Sunday, April 23, 2023

Cloud Cover, Edition Two

Continuing the theme launched last week, here are more duets of earth and sky. Each occurred when the harmony the duo created was pitch perfect and the result vibrated just so. As every serious photographer knows when the sky is moody it’s time to take advantage of the magic. The outstanding Taos photographer Geraint Smith submits that, “Blue skies are boring.” That sentiment is largely true though a featureless deep blue sky properly rendered has another kind of gift to offer. But that's a tale for another day.

Today it’s the thick, billowing, streaking ones from top to bottom.


You couldn’t make a bad picture on the snowy morning that Into the Clouds presented itself. Taken on the county road leading to the junction of the Rio Grande and the Rio Grande, it felt like we were entering the low-lying clouds. Surely an undiscovered universe lay at its center.

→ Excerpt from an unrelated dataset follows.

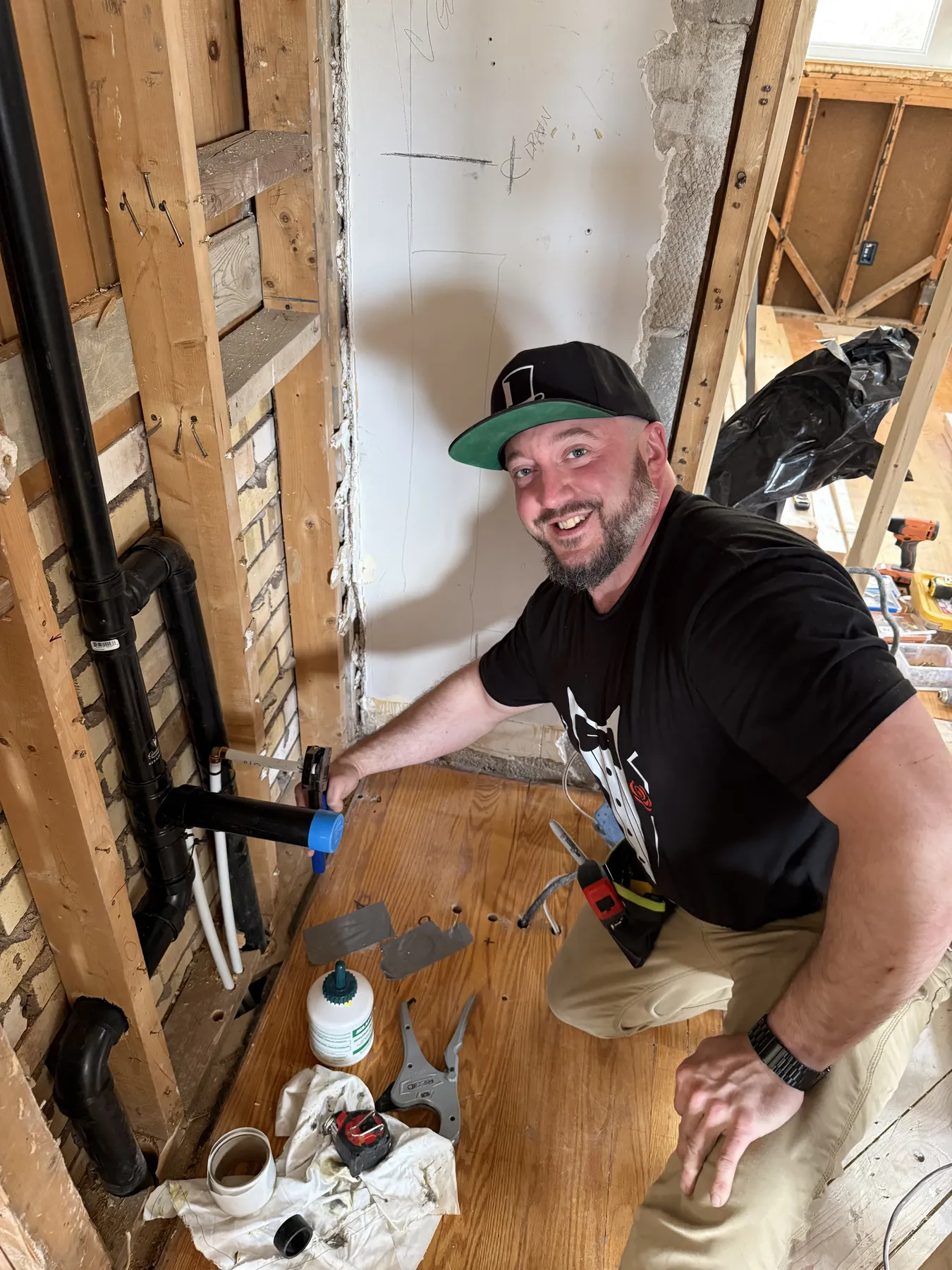 Gentlemen Plumbing technician testing a wall-hung toilet installation.
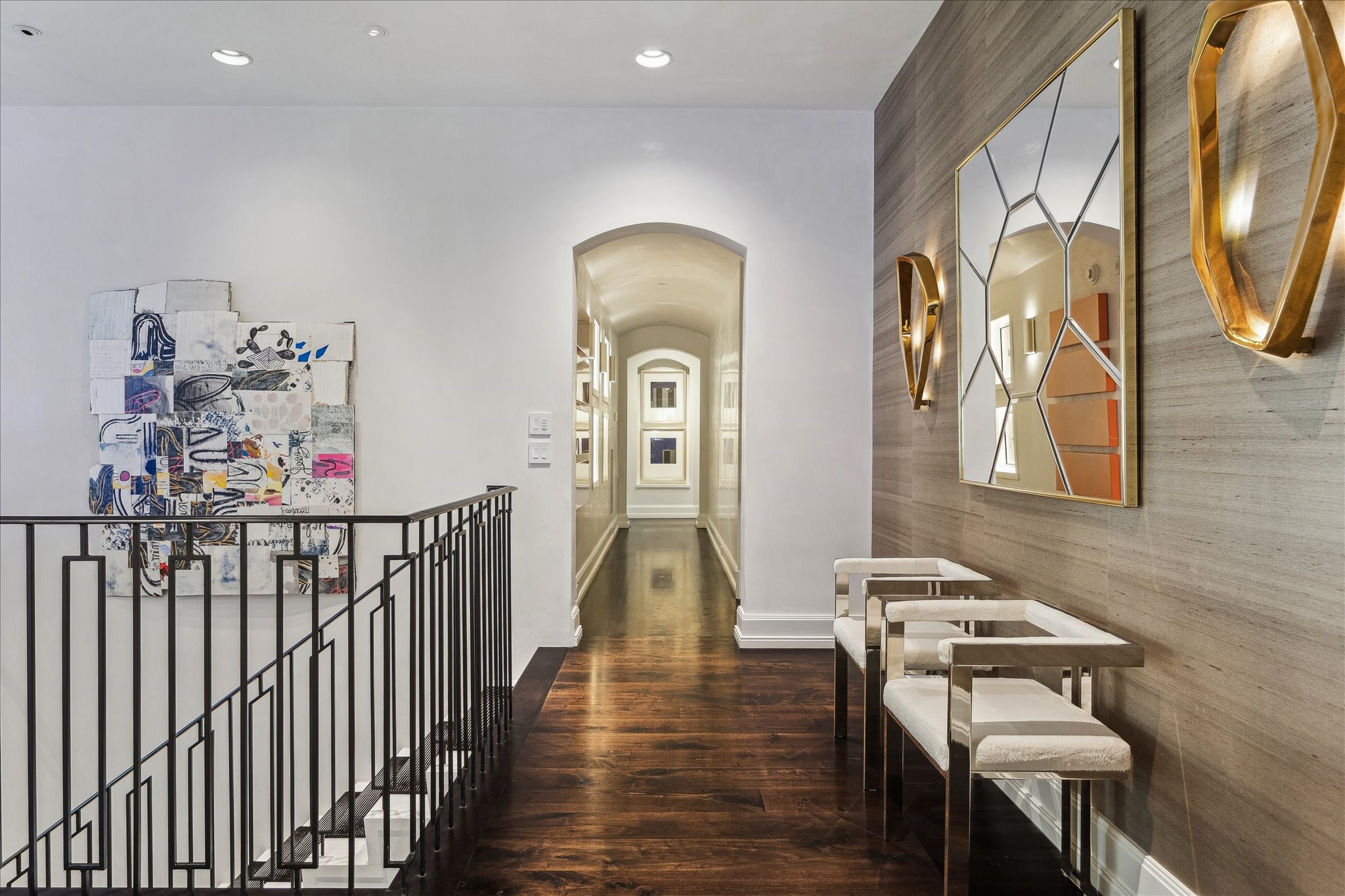 220 Merrie Way Lane Houston, TX 77024 - Photo 31 of 50 This upstairs hallway is lined with arched openings and Segreto plaster walls, with illuminated art niches running the length of the corridor—an ideal gallery-style display for your collection.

I shot half a dozen variations, all worthy, but this one feels the way it felt that January day.


The same is true of Presbyterian Church, Taiban, New Mexico. The abandoned house of worship was a thing of grace and beauty but the clouds above the arid steppes made a profound statement. You could drop your camera and get a killer image.


Walking Rain
is one the Southwest’s great themes. I’m lucky to have found this trophy north of Highway 160 while traversing Navajo Country. I looked left or north and saw two icons of the Four Corners, a low mesa bathed in sunlight and shards of rain piercing the sky.

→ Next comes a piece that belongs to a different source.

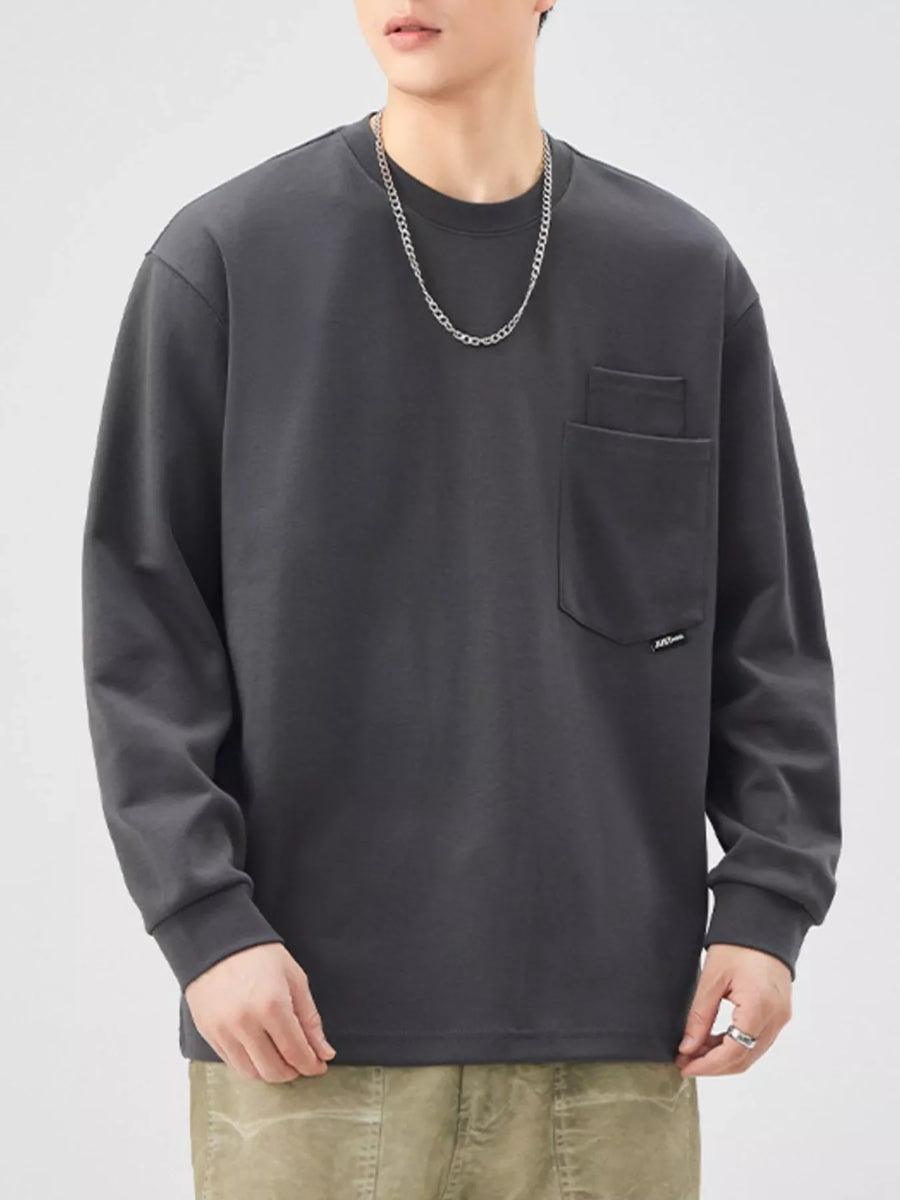 Dark gray casual oversized long-sleeve sweatshirt with a chest pocket and crew neck.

I was stopped in my tracks as I drove south on US 285 just north of Cline’s Corner. On my left were Wagon Ruts merging into the grasslands. I didn’t appreciate the con trails directing me into the scene until I was processing the photograph. The con trails make the image. Some sage told me that a difference maker in a photograph is called  the “punctum” from which, I deduce, the word punctuation is derived. Anyway, this image would be diminished without those darts from one o’clock.

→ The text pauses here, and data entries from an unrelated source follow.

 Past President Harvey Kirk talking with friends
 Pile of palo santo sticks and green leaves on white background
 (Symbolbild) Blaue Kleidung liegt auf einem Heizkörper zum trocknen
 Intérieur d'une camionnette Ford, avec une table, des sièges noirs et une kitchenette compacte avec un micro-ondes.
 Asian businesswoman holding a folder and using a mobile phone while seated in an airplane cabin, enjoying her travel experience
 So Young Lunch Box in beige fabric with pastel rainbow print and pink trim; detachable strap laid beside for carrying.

Georgia O’Keefe Country is picture post card New Mexico and Ghost Ranch is the lovechild of the red mesas and hoodoos near her home in Abiquiu. This bluff that I call Cathedral Rock is quintessential Ghost Ranch and the cumulus cloud peaking from behind combine to make the photograph more than another pretty face.


A mile from our sweet house in Baudinard sur Verdon was a tilled pasture with a stone outbuilding. The sun was about to fall below the horizon as we turned right onto a country road. The farmstead which I dubbed Vielle Ferme glowed where the last light fell. Otherwise, the serene tableau was deep in shadow. And, again, every shot in the remaining light was a gem. It’s called the magic hour for a good reason.

1 comment:

Blacks Crossing said...

This is by far one of your strongest sets of photographs, and it contains two of my favorites - the first being the snow junction of the Rio Grande, as well as Walking Rain. I don't recall ever seeing the Cathedral Rock image before. It is a winner on many levels. Thanks for starting the week out with art and beauty to juxtapose some of the world's insanity.